The star witness is Angela Merkel who, at 80, stands by by her climate record. She was the one who salvaged the Kyoto Protocol in 1997 while, in power, she ensured Germany met its own climate goals amid “considerable opposition”.
Back then, she said, Germany faced “unpredictable opponents who simply denied that human-made climate change existed, as well as opponents who prioritised their own special interests and refused to sign a negotiated agreement – and this when the effects of the crisis were already palpable”.
By the end of the film, somewhat unrealistically, the chancellor (spoiler alert) has a Saul-to-Paul conversion
The court drama continues to unfold amid a backdrop of sweltering heat, public riots and fake news. While many of the scenes are simplistic, and the dialogue often wooden, the film shines an uncomfortable light on Germany.
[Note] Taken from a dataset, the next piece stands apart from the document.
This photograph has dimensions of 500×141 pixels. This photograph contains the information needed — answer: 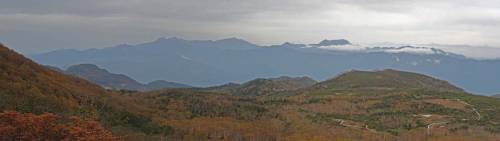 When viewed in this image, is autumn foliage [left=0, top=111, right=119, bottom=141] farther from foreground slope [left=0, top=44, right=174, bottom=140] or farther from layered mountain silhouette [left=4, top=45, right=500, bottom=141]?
foreground slope [left=0, top=44, right=174, bottom=140]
In particular it takes direct aim at a very German brand of sanctimony: a deep psychological need to be viewed as being not just law-abiding but of deep moral integrity, entitled to lecture others who fall short of its moral standards, while simultaneously pursuing contradictory policies in its own national interest.
Melting iceberg
This allowed the German leader, within a week in 2007, travel to Antarctica and pose with a melting iceberg as the “climate chancellor”, then travel on to Brussels where she blocked efforts to reduce car CO2 emission limits to protect the German auto industry.
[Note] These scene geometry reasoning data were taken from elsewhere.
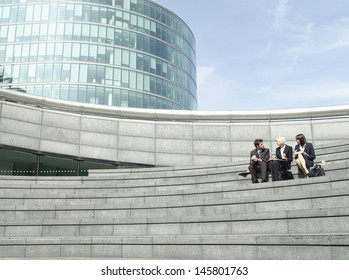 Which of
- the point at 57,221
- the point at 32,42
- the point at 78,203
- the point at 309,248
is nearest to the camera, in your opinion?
the point at 309,248

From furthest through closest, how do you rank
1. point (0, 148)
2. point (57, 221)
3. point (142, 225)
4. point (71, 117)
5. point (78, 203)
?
point (71, 117) → point (0, 148) → point (78, 203) → point (57, 221) → point (142, 225)

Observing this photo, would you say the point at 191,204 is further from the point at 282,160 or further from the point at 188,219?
the point at 282,160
By the end of the film, somewhat unrealistically, the chancellor (spoiler alert) has a Saul-to-Paul conversion. She realises the error of her ways and urges the court not to make the same mistake or, like her, end up before a tribunal 20 years hence.
“I studied physics in East Germany and the laws of nature were an objective truth for me but, as a politician... increasingly they became subordinate to political practice and the retention of power,” she said. “Politics that decreed people to make do with less found no majority... now I ask myself whether I should have taken the risk of losing the next election.”
In the end the court upholds the complaint of the 31 member states, Germany is fined and the court encourages other cases. In 2034, it’s open season on the world’s largest polluters.